Paperback, 308 pages
Published April 3rd 2012 by Ballantine Books (first published January 1st 2011)
ISBN 0345525558 (ISBN13: 9780345525550)

About the Author

Vanessa Diffenbaugh was born in San Francisco and raised in Chico, California. After studying creative writing and education at Stanford, she went on to teach art and writing to youth in low-income communities. She and her husband, PK, have three children: Tre’von, eighteen; Chela, four; and Miles, three. Tre’von, a former foster child, is attending New York University on a Gates Millennium Scholarship. Diffenbaugh and her family currently live in Cambridge, Massachusetts, where her husband is studying urban school reform at Harvard.

Vanessa Diffenbaugh is also the founder of the Camellia Network. The mission of the Camellia Network is to create a nationwide movement to support youth transitioning from foster care.

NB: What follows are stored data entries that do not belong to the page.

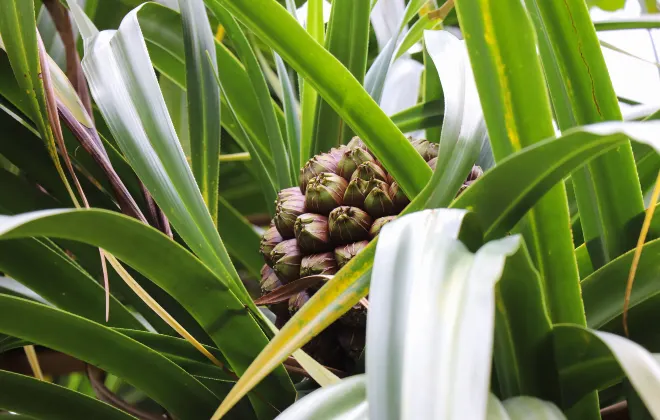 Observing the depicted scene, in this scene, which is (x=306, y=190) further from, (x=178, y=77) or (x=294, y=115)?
(x=178, y=77)

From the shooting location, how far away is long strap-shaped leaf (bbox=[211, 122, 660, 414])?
0.23m

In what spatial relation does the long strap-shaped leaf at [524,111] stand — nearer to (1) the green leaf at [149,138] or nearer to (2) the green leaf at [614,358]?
(2) the green leaf at [614,358]

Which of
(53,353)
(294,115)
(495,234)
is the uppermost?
(294,115)

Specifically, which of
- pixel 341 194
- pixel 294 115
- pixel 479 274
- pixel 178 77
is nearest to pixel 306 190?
pixel 341 194

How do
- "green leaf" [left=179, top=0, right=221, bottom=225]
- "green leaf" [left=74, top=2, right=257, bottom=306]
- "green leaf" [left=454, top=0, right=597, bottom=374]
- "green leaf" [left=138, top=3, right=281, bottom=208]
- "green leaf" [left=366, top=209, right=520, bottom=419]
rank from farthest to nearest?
"green leaf" [left=138, top=3, right=281, bottom=208], "green leaf" [left=179, top=0, right=221, bottom=225], "green leaf" [left=74, top=2, right=257, bottom=306], "green leaf" [left=454, top=0, right=597, bottom=374], "green leaf" [left=366, top=209, right=520, bottom=419]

In The Language of Flowers, Camellia [kuh-meel-yuh] means “My Destiny is in Your Hands.” The network’s name emphasizes the belief in the interconnectedness of humanity: each gift a young person receives will be accompanied by a camellia, a reminder that the destiny of our nation lies in the hands of our youngest citizens. For more information visit

Follow the author on Facebook
Follow Vanessa on Twitter @VDiffenbaugh

My Thoughts

Victoria has struggled with life. Given up at birth, she has been tossed from home to home, never finding a family. Now aging out of the system at eighteen, it is time to make life her own and do with it as she please. She is lucky enough to have a few very important people enter life (Renata gives her a job, and Grant gives her his heart), and instead of following a traditional path, she creates a new one of her own. 

The title of this book comes from Victoria's love for what flowers have to say to those that can hear them. Back in Victorian times, people would use flowers to send secret messages. Lovers would use them to communicate love and passion, or the desire to meet. People would use flowers to express grief and joy. The aptly-named Victoria understands their language and speaks it fluently. She can bring people's deepest desires to light through the use of flowers.

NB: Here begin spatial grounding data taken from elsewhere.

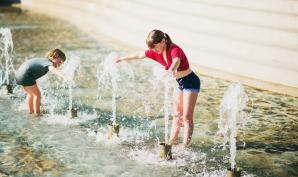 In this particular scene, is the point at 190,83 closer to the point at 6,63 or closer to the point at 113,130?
the point at 113,130

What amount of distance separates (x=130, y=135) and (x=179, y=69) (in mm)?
1388

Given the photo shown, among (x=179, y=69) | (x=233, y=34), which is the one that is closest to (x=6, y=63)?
(x=233, y=34)

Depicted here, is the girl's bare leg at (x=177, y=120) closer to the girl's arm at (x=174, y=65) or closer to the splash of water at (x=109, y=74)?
the girl's arm at (x=174, y=65)

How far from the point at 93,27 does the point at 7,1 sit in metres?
8.88

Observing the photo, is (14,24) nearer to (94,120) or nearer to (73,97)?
(73,97)

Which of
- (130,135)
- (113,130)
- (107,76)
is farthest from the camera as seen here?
(107,76)

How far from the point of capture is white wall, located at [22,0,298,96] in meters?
8.50

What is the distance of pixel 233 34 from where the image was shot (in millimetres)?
9383

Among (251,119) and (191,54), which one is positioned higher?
(191,54)

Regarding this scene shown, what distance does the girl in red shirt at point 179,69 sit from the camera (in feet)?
16.4

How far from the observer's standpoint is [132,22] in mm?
12273

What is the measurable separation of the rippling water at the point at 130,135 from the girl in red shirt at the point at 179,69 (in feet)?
1.63

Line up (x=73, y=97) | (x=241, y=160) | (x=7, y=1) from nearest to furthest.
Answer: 1. (x=241, y=160)
2. (x=73, y=97)
3. (x=7, y=1)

Victoria is damaged by her tragic childhood, and this has left her with a detachment disorder that doesn't permit her to connect with people. But she can speak to them through flowers.

I loved this story. Some aspects were a little far-fetched, such as the fact that a baby girl in the system would not have been adopted in a flash, and would instead spend her life in foster care, given up over and over again. But it was sweet and touching, Victoria was just quirky enough (I love quirky characters!), and I really loved the language of the flowers. My favorite moments in the book were the ones where Victoria and Grant debate the meanings of the flowers, when there is more than one documented meaning. Fascinating!

My final word: Delightful! That's it. Just "delightful"!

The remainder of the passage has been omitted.